She isn't new to record and here's another one in her cap. Peggy Whitson became the oldest woman in space, at the age of 56, when she reached the International Space Station in November 2016. She has now set a record for being the oldest woman to do a spacewalk. Whitson's spacewalk lasted for over 6.5 hours, which was streamed live on social media websites.
Peggy Whitson performed the first of the scheduled power maintenance spacewalk along with commander Shane Kimbrough. Regarding the mission, NASA earlier said, “Working on the right side truss of the space station, the crew members will install adapter plates and hook up electrical connections for six new lithium-ion batteries that were delivered to the station in December 2016. Prior to each spacewalk, the new batteries will be robotically extracted from a pallet to replace 12 older nickel-hydrogen batteries through a series of robotic operations." NASA added, “Nine of the older batteries will be stowed in a cargo resupply craft for later disposal, while three will remain on the station’s truss, disconnected from the power grid.”
Peggy Whitson will turn 57-years-old this year in her spacecraft and she is creating records with each passing day. She is expected to return to earth in April and when she does, she would hold the record for most time spent in the space.

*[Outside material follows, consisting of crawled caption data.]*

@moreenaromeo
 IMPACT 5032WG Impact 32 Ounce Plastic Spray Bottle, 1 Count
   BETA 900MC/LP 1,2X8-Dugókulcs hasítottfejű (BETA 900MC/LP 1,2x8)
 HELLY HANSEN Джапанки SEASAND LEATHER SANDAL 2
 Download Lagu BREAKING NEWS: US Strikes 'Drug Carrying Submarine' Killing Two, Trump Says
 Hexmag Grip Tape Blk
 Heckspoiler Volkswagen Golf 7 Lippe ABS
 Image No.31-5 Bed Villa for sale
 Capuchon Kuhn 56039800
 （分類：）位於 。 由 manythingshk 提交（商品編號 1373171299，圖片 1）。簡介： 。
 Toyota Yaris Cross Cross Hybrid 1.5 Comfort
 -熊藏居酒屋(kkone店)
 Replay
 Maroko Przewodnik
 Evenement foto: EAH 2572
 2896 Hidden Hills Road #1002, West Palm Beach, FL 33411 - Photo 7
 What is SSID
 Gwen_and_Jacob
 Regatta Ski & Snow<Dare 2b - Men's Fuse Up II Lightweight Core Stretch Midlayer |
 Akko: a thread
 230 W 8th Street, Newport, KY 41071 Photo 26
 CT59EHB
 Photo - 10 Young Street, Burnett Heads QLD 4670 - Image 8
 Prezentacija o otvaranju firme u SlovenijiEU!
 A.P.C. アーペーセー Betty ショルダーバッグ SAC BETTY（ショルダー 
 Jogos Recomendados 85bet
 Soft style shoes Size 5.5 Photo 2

This was Peggy Whitson's 7th spacewalk, matching the most number of spacewalks record held by Sunita Williams.
Altogether, this incredible lady has spent close to a year in the space now. Earlier this week, Peggy Whitson in an interview with the Associated Press said, "I love being in space," she said. "I sleep like a baby. I mean, it is amazing the great sleep. Nothing hurts when you're lying in bed. You can sleep the whole night through. It's great."
Peggy Whitson, she is unstoppable and is an inspiration to each one of us!